De Beers on Friday said rough diamond sales through its Diamond Trading Company totaled $6.15 for 2006, a 6 percent decline when compared with the $6.54 billion in sales for in 2005.
De Beers, in its earnings report for the fiscal year ended Dec. 31, said the decrease in sales reflected “reduced Russian supply available to the DTC, and the continued challenging environment in the wholesale market for rough diamonds, where a lack of liquidity, margin pressure, and increased financing costs impacted pipeline demand.”
The statement added that there was solid consumer demand for diamond jewelry in 2006, with China and India reporting strong sales growth and the United States growing in line with its gross domestic product.
Other highlights of the year-end report include:
• Earnings before interest, taxes, depreciation and amortization fell 12 percent to $1.23 billion as a result of lower level of DTC sales and increased exploration and development costs, the statement said.
• Net earnings increased 32 percent to $730 million due to the sale of 26 percent of De Beers Consolidated Mines to Ponahalo, a broad-based Black Economic Empowerment consortium, and the sale of the Group’s interest in the Fort à la Corne joint venture in Canada.
• Underlying earnings at $425 million are $277 million lower than 2005, after adjusting for the impact of the Canadian tax credit, due to reduced margins in the diamond account, the impact of increased finance charges and the dilution in earnings caused by the sale of 26 percent of DBCM.
• DTC marketing initiatives continued to drive demand for diamond jewelry, De Beers said in its statement, noting that preliminary reports indicate that global sales in diamond jewelry increased 4 to 5 percent in 2006, led by China and India with double-digit growth.
• The De Beers Group mine production rose in 2006 to a record 51 million carats, primarily due to a record output from mines in Bostwana (which produced a record 34.3 million carats), Namibia (more than two million carats), and South Africa, (14.6 million carats from six mines).
• De Beers Diamond Jewellers, the De Beers retail joint venture with LVMH, had an “excellent year,” De Beers said, with steady growth in Japan, and “promising” performance in the United States, a market that it entered in late 2005 in New York and Los Angeles. De Beers strengthened its presence in London and opened its first boutique in the Middle East, in Dubai. The Talisman and Secrets of the Rose collections, fine jewelry and engagement rings did well, according to the statement. A new advertising campaign was launched in 2006. The company introduced its first wristwatch collection this past Christmas, and will increase its presence in the United States (in Las Vegas last month), the Middle East, Japan, Hong Kong, and Korea.

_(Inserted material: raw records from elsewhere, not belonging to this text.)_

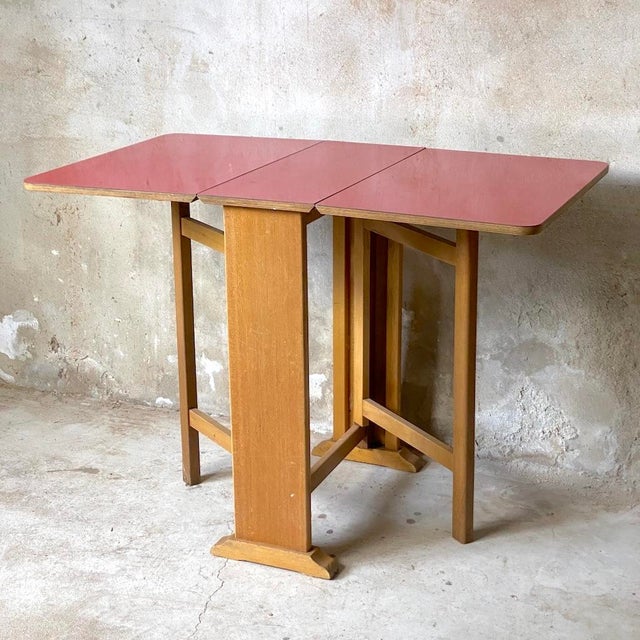 Vintage Red Formica Folding Table, 1980s For Sale - Image 10 of 10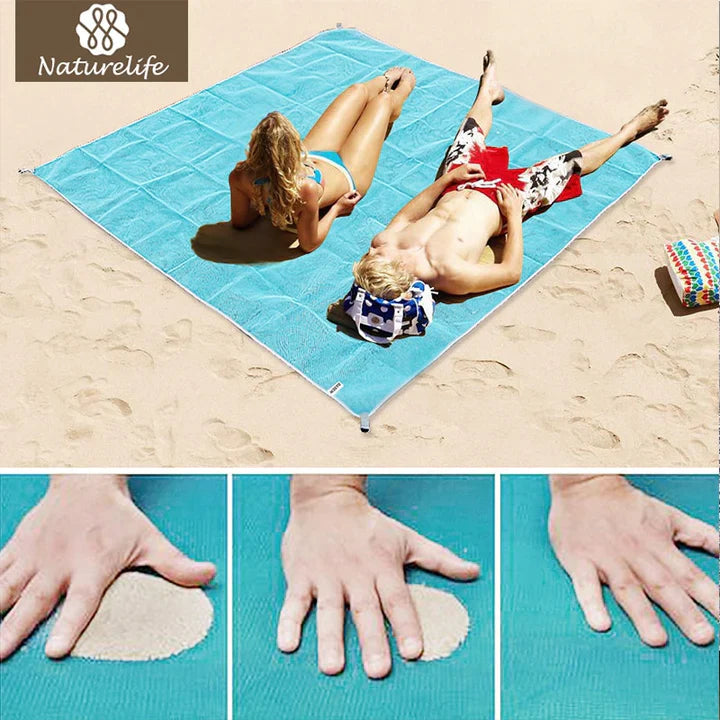 Couverture de plage étanche pour 5-8 adultes, résistante au sable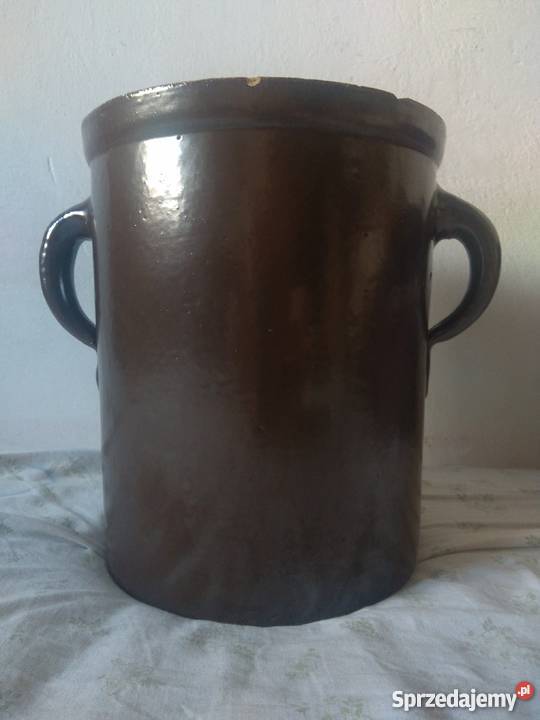 BOCHNIA wielki garnek 10L DO KISZENIA kamionkowy Warszawa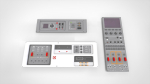 Dashboard 1 control panel with buttons and knobs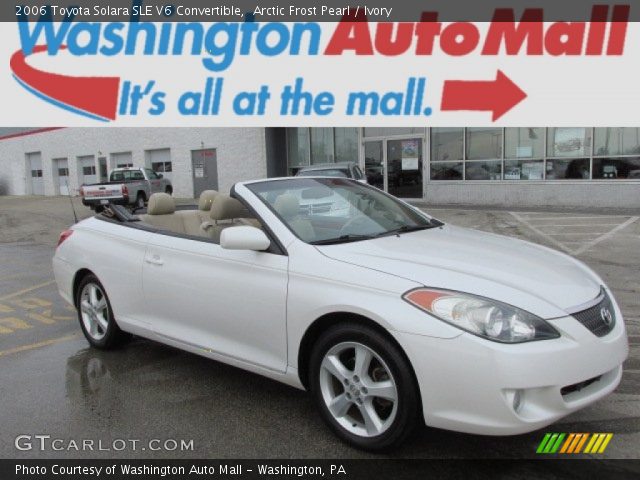 2006 Toyota Solara SLE V6 Convertible in Arctic Frost Pearl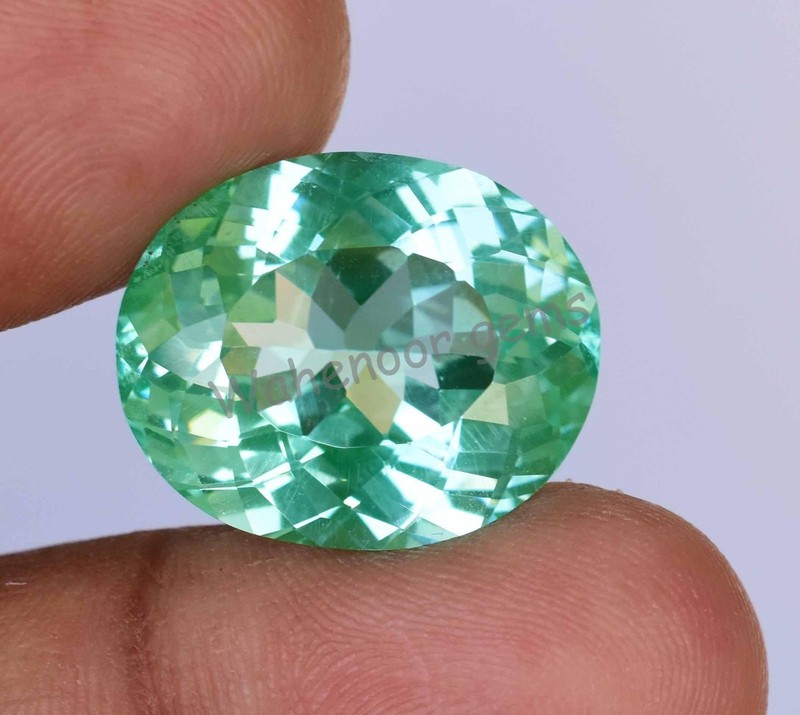 22.65 Ct Natural Paraiba Tourmaline Oval Blue Green Neon Copper Certified Gems gallery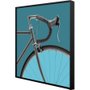 Quadro Canvas Bicicleta Speed em Tons Azuis por Dorival Moreira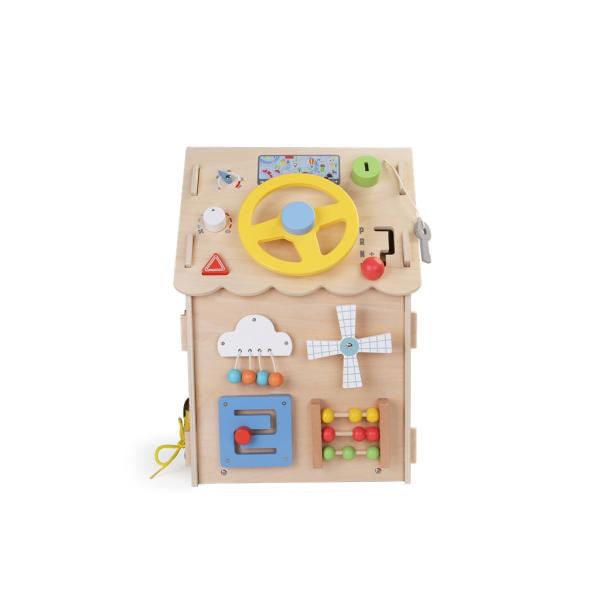 2Kids Toys Activity board Domeček přírodní (obrázek 5)
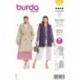 Patron Burda 5840 Manteau et Gilet 46/60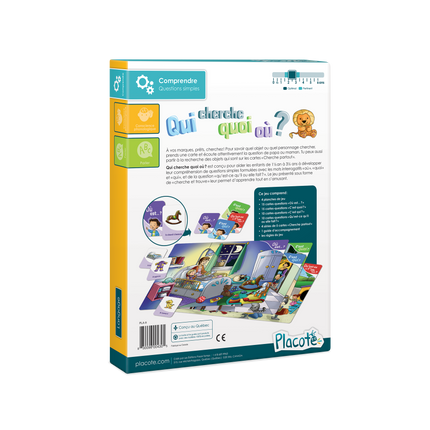 Who is looking for what where?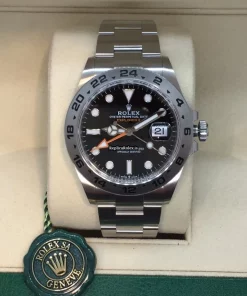 Popular Replica Rolex Explorer II 226570 Caliber 3285 Automatic Movement 42x49.5mm Steel Case Mens/unisex Watch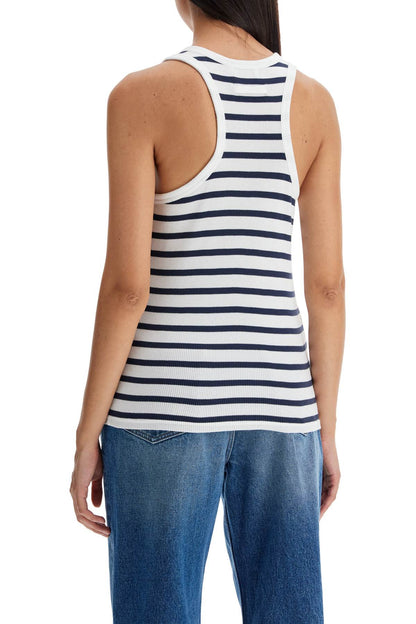 JEAN PAUL GAULTIER striped sailor tank top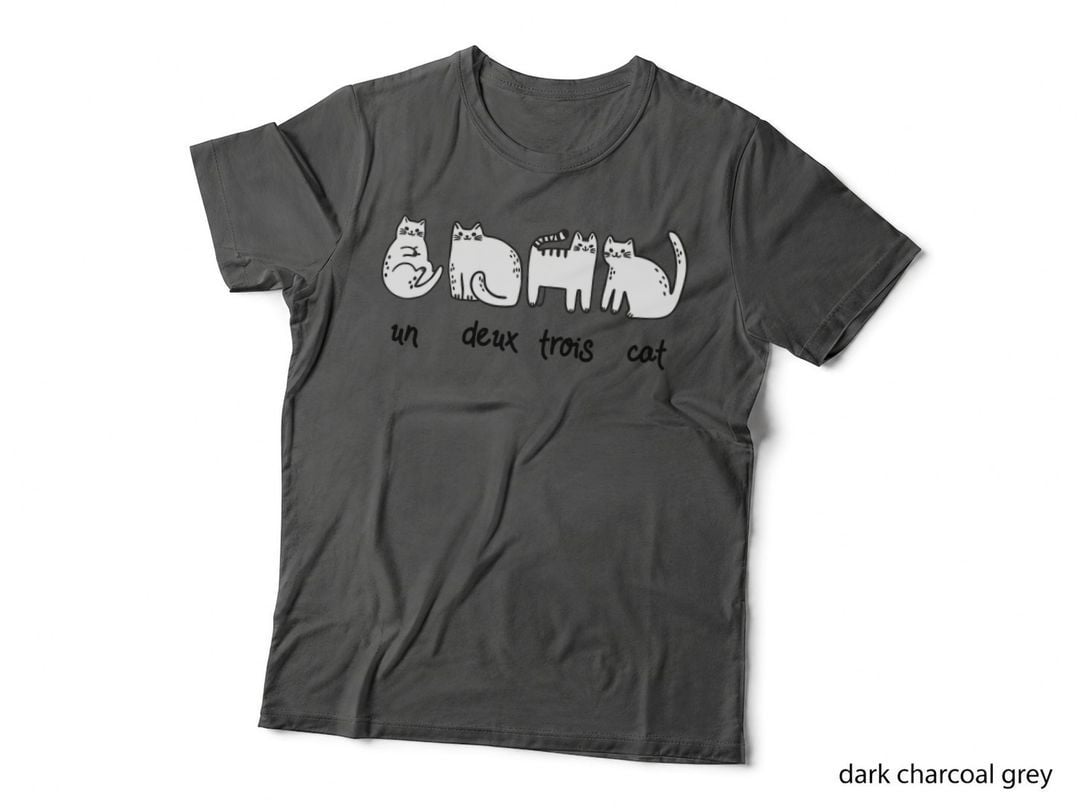 Funny Cat Shirt Un Deux Trois Cat Kitty Lover T-Shirt
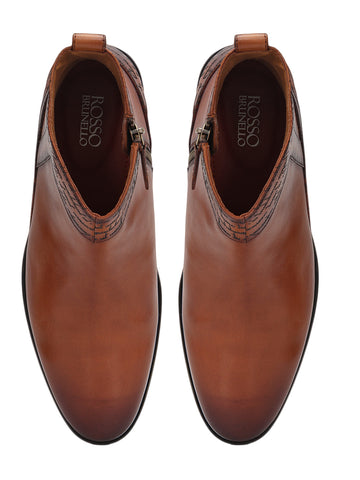 Tan Ankle Length Boots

• René Médori, finance director of Anglo American plc (which owns 45 percent of De Beers), has joined the Board of De Beers s.a. He replaces David Hathorn, executive director of Anglo American plc. Ollie Oliveira, is retiring and will step down from the De Beers s.a. Board on Feb 28.
In its outlook report, De Beers said it expects further growth as retail diamond jewelry sales remains positive, with India and China likely to be the leading growth markets, and the U.S. continuing its five-year growth trend.
Meanwhile, the company said DTC sales “are likely to be constrained by availability in 2007, due to the reduction in Russian purchases as agreed with the EU.” Under the EU agreement, De Beers’ purchases of rough diamonds from Russia’s Alrosa will fall from $600 million in 2006 to $500 million in 2007, $400 million in 2008, and to zero in 2009.
The De Beers Group will bring in new production towards the end of the third quarter, according to the statement. De Beers will focus on implementing its new vision of ‘maximizing the value of its leadership position.’ This includes reviewing assets that do not fit the De Beers portfolio criteria, focusing exploration on the most prospective areas, continuing to improve cost efficiency, and investing in DBDJ and the Forevermark marketing program.